In recent years, there has been much work on scaling Bayesian Optimization to high-dimensional problems, for example hyperparameter tuning in large neural network models. These scalable methods have been successful, finding high objective values much more quickly than traditional global Bayesian Optimization or random search-based methods. At the same time, these large neural network models often use sensitive data, but preservation of Differential Privacy has not scaled alongside these modern Bayesian Optimization procedures.

In this work we develop a method for privately estimating potentially high-dimensional parameter spaces using Gradient Informative Bayesian Optimization. In short, in each iteration our algorithm uses Bayesian Optimization techniques to greedily find parameter configurations that seem informative about the gradient of the objective function at the current parameter configuration estimate. Our algorithm then evaluates the objective function at these configurations, and uses the resulting and all previously observed objective values to infer the gradient of the objective function at the current iterate. The algorithm then performs an iteration of Noisy Gradient Descent along this estimated gradient, as is standard for Empirical Risk Minimization in the privacy literature [Song et al., 2013, Feldman et al., 2020, Bassily et al., 2014], and iterates.

Our theoretical results prove that under suitable conditions, our method converges exponentially fast to a ball around the optimal parameter configuration. This ball is composed of a gradient approximation error and an inevitable privacy noise error, and we demonstrate that the approximation error becomes smaller in magnitude than the privacy noise after a small amount of iterations for reasonable problems. Moreover, regardless of whether the assumptions are satisfied, we show that our algorithm maintains privacy and empirically demonstrates superior performance to existing methods in the high-dimensional hyperparameter setting.
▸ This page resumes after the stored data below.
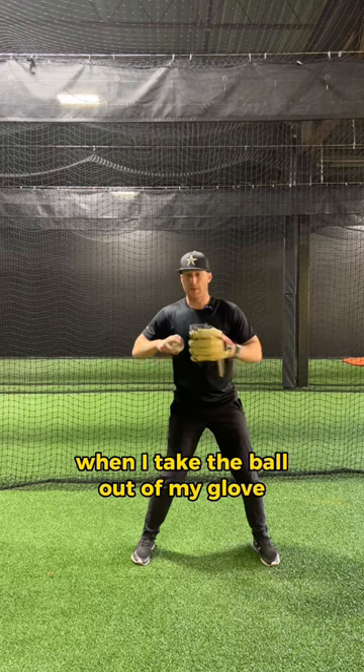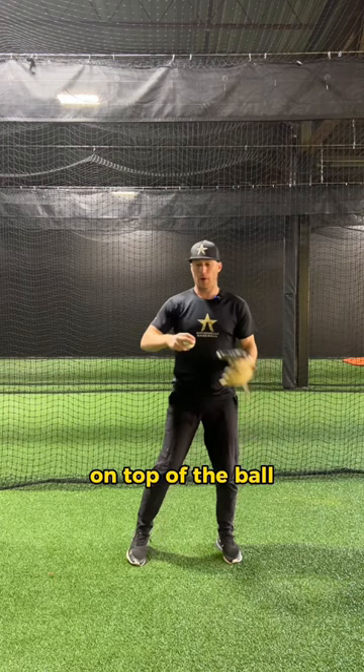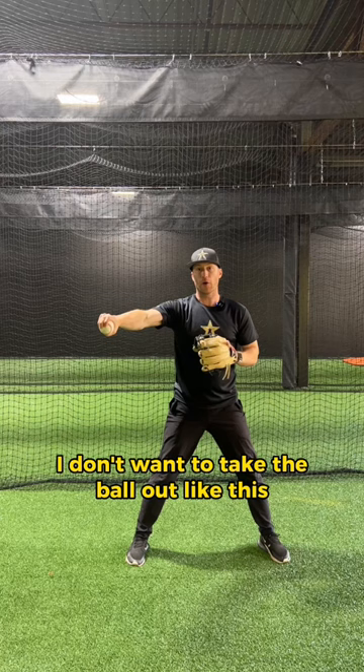When I take the ball out of my glove after I've brought it to the middle of my body, I want to take it out with my fingers on top of the ball. I start to work the ball back and I should be in this tight V right here. We don't take it out low, we don't take it out like this.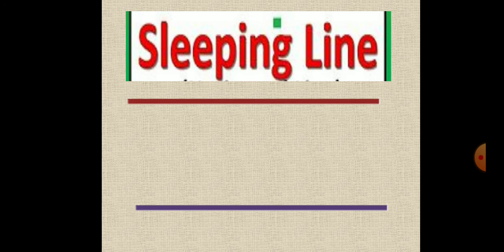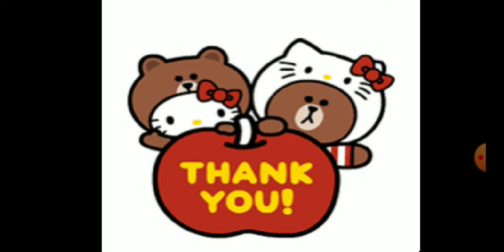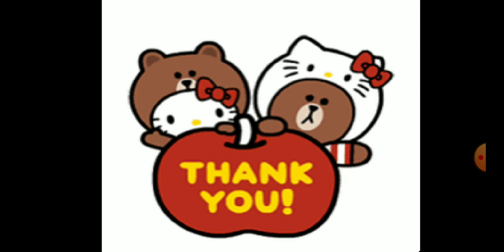Sleeping line. Recognize with me. Sleeping line. Sleeping line. Sleeping line. Repeat this concept 4 to 5 times.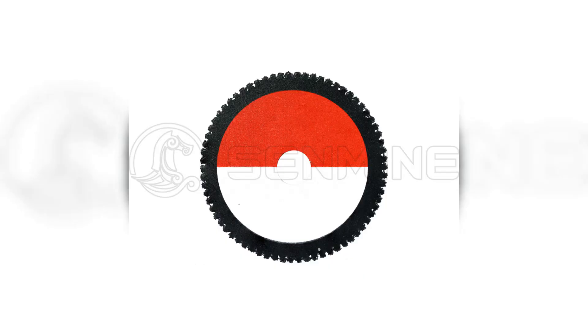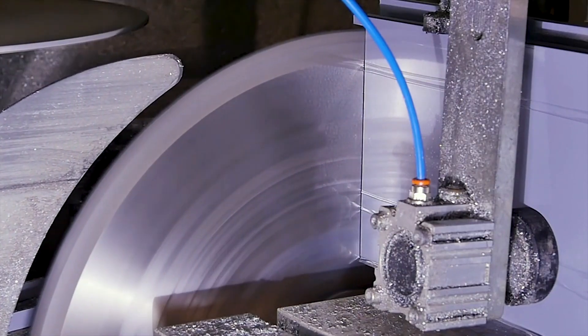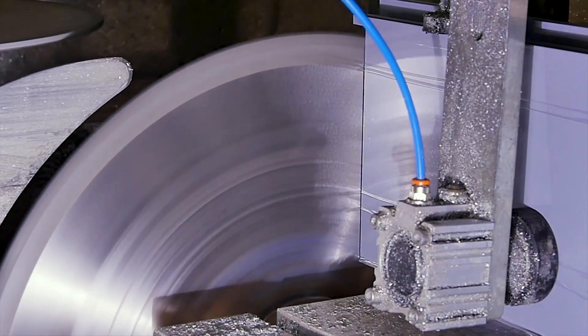Look for a continuous rim and optimal diamond concentration for smoother, efficient cuts. Choose Senmine for unparalleled quality and performance in your cutting projects.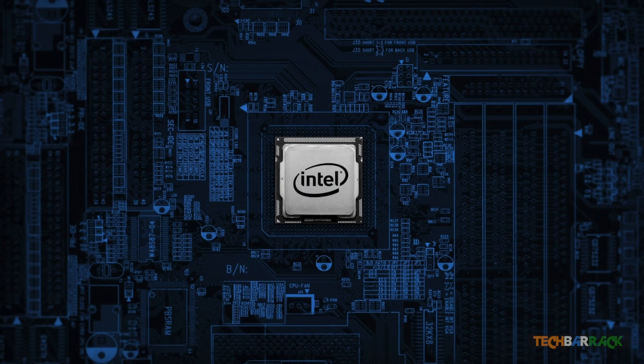Once this is done, you will have your motherboard successfully installed in the CPU cabinet. That's it for this tutorial. I hope you guys liked it, so please rate, comment, subscribe, and visit TechBarrick.com.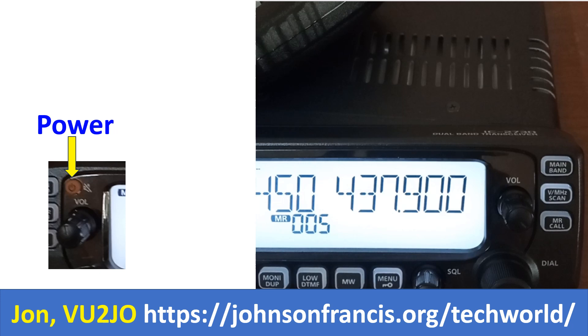Volume control is seen just below that. The rotary switches labeled dial on the bottom can change the memory channel as well as act as the tuning knob. SQL is the squelch control.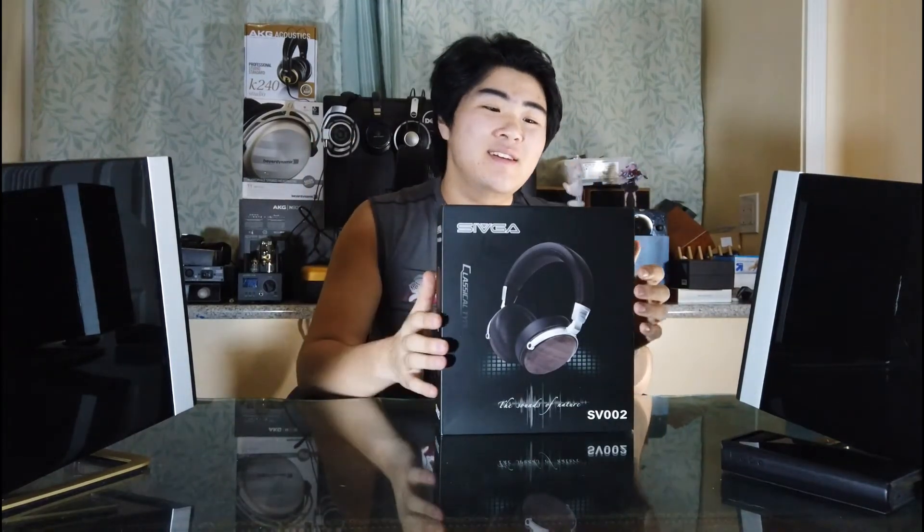Hi everyone, this is Richard from Student Hi-Fi. I moved the unboxing to after the review, so now it's unboxing time. This is the Sivga SV-002. It's the first time I've ever tried anything from this company. I've never had anything from them before — they make a lot of headphones and some IEMs, but mostly headphones right now.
Although our algorithm is designed to privately minimize functions with expensive or impossible to evaluate gradients, it manages to perform competitively even in M-estimation problems of the $\psi$ -type. For example, we show similar performance to standard Noisy Gradient Descent in an M-estimation procedure for a linear regression problem used in Avella-Medina et al. [2023], despite our algorithm not using any provided gradient information.

References

Avella-Medina et al. [2023] Marco Avella-Medina, Casey Bradshaw, and Po-Ling Loh. Differentially private inference via noisy optimization. The Annals of Statistics, 51(5):2067–2092, 2023.
Bassily et al. [2014] Raef Bassily, Adam Smith, and Abhradeep Thakurta. Private empirical risk minimization: Efficient algorithms and tight error bounds. In Foundations of Computer Science, 2014.
Feldman et al. [2020] Vitaly Feldman, Tomer Koren, and Kunal Talwar. Private stochastic convex optimization: Optimal rates in linear time. In Symposium on Theory of Computing, 2020.
Song et al. [2013] Shuang Song, Kamalika Chaudhuri, and Anand D. Sarwate. Stochastic gradient descent with differentially private updates. In 2013 IEEE Global Conference on Signal and Information Processing, 2013.